Today, I had the pleasure of boarding three buses in the evening. The conductors came promoting the tickets, each of them being Rs. 14, 5, and 14 respectively. On all the tickets, a number for the residue change was scribbled on the back, assured to be given before getting off the ride; like the “Collect on Go” in Monopoly. Most of us collect the M200 at the Go, and definitely the real-world change wherever it is due. Saving a rupee today will add-up to a hundred next month, then a thousand, then enough buy to fly to Switzerland and back with your loved ones. That’s the reasoning right?
So, here’s another reasoning: don’t take the change. No, no, I am not saying that saving is bad or promoting altruism towards random human beings. A conductor makes Rs. 6000 a month for two years in his probationary period, which becomes Rs 14,400 after five years. That’s pittance if he/she is the single working member of their family, and living in Bangalore, which most of them do. I never took the change. Six rupees from ten people amounts to 60 a day and 1800 a month. A nice boost to the measly salary our government pays for the upkeep of their service.

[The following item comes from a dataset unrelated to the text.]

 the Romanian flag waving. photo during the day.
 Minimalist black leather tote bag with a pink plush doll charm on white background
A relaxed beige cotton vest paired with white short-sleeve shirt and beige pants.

A counter-argument to my irresponsible and money squandering ways is that it encourages the habit of selfishness and greed in the conductors. If one person does it, they expect everyone else to do it, and in no time they will have enough money to buy the BMTC and order jets from Boeing and Airbus with the loose change from our kindness. This would indeed be true if everyone has a baggy pocket. But, they don’t, do they? Most of the bus commuters are BPL, lower middle-class citizens like myself, for whom every rupee adds to something tomorrow. I saw an old man asking for two rupees from the conductor, who didn’t have any change then, and the old man refused to get down though his stop had arrived and gone in the argument; whether he took another bus to that stop or walked over the bridge I do not know.

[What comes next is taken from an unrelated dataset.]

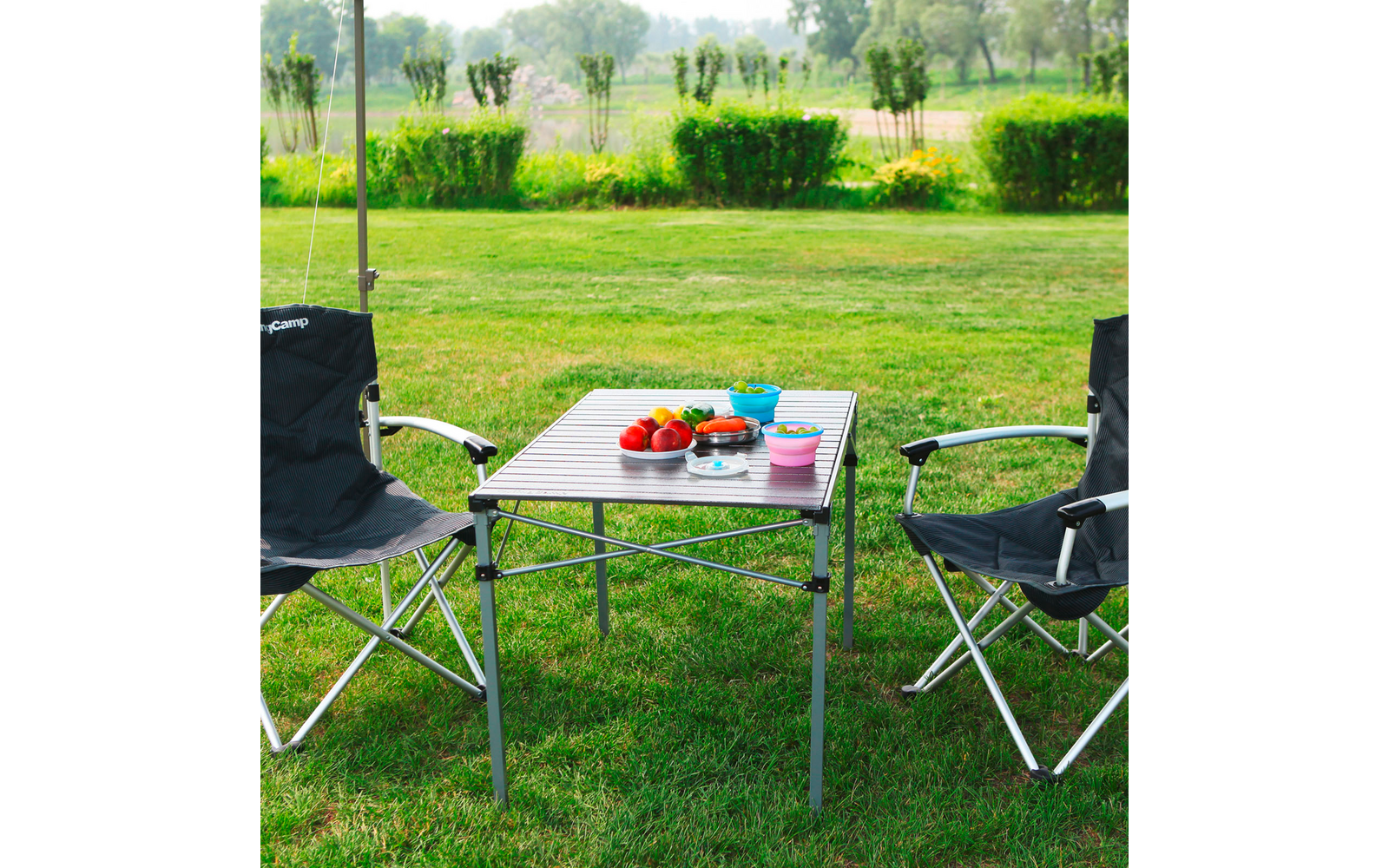 Deux chaises de camping et une table pliante avec des voitures jouets en plein air sur l'herbe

An argument to the counter-argument is: BMTC must pay their conductors more. They make about 4.5 crores a day from the robust fleet of 6200 buses, and they have always hiked the fare whenever diesel prices have gone up; or come down. Recently, there was strike demanding a hike of 1/3rd the current salary of the conductors. BMTC didn’t budge, as the government didn’t allot the funds for increase in pay or improve the quality of the workplace (the bloody buses stink and it gets cleaned once a day). This made a lot of the staff very grumpy, and rightfully so, as sweating with a thousand people every day is not an easy task, and the cardio to stand and run across the bus is more than that of a football referee. Are they right to be angry and swindling every possible customer from the morning? Not at all. The solution is in the allocation of budget for salary hikes and not increase the number of buses in an already overflowing fleet of eight-wheelers.

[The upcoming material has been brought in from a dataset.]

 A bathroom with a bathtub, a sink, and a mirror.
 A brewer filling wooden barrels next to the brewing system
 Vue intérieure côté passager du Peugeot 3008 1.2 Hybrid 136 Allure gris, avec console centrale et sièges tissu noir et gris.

We can blame, bicker, and bitch about the government till we die. But, can we do something about this mess in our own little ways? I don’t know. I try to contribute whenever I can. I love freebies myself, having mooched on my parents’ money from the day I was born, not a proud achievement, but I will do something about it soon: like the BMTC and the central government promising ‘ache din ayenge.’ One day, this mess will sort itself out or someone will sort it out: winters will pass and summers will come, and there will be spring where the flowers bloom and bees buzz with radiant life. The nectar and honey is at the horizon, and we can get there together, as a community, as a mass of people and spirit, and then march to the next desert, and the next oasis: together. We are blessed with thought and logic to travel through time, no? Then why are still cringing to tip waiters, conductors, janitors, cleaners, and lepers?